A common tactic is the forgery of invoices. Fraudsters pose as a supplier, demanding payment for services rendered to the company. Often this type of attack disguises itself as one of the real suppliers of the organization and uses a realistic-looking account, but with the details of the fraudster’s bank account or the address of the crypto wallet.
The problem with invoicing is that the employees who issue invoices usually do not participate in the review and payment of invoices by the company’s finance department. This makes it difficult for the financial group to verify whether the account is legitimate or fraudulent, resulting in legitimate bills not being paid on time, or worse, fraudulent bills being paid.

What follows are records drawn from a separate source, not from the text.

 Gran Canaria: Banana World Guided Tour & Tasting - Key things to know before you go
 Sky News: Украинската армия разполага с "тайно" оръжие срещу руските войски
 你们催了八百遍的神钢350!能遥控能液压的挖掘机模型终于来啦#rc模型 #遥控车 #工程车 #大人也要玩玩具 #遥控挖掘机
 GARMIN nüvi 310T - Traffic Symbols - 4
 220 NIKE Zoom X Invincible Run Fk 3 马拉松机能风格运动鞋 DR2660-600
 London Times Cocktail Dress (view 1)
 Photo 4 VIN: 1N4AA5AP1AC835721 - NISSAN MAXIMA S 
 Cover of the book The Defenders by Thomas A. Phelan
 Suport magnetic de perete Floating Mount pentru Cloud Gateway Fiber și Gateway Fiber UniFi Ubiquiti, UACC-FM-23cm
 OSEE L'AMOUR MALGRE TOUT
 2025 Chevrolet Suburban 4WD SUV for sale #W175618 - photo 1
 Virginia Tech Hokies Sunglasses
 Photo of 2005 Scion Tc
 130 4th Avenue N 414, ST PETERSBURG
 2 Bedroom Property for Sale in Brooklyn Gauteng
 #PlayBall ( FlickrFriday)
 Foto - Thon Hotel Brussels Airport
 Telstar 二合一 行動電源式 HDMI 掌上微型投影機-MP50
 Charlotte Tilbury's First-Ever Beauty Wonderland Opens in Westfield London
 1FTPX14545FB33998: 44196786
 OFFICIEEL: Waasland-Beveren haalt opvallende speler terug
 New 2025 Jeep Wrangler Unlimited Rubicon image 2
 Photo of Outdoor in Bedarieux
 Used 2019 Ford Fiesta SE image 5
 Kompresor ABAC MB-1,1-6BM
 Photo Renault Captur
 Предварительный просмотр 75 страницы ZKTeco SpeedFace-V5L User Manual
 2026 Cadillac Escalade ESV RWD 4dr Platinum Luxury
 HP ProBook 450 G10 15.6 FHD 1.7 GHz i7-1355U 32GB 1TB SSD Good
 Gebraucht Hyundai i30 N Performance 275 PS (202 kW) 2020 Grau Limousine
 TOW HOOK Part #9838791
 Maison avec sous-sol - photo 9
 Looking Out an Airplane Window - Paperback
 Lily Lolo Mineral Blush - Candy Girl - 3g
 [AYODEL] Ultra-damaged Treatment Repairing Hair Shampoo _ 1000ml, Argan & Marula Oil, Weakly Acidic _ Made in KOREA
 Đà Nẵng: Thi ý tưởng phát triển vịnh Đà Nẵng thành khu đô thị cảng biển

For example, in October 2022, security researchers from the Japanese company Trend Micro discovered fraudulent PayPal accounts posing as well-known cryptocurrency companies such as Stellar XLM, Bitcoin Exchange, Terra Luna Classic, Oasis Network and TrueUSD.
To protect corporate users from account fraud, consider using tools for cryptographic billing, which allows you to require vendors to specify multiple persons in the invoices you receive.
This way, your financial team can check other team members for the legality of the account. This will protect you from fraud when invoicing and at the same time ensure timely payment of your company’s bills. If you receive unsolicited invoices that seem fraudulent, you can also block the issuer of these invoices.
It is very important to remain vigilant against scammers and social engineering attacks. Be careful when processing payments or transmitting confidential information and always verify the authenticity of invoices or requests before taking any action.
By following these rules, you will be able to increase the security and management of your wallets and protect your crypto assets from potential threats.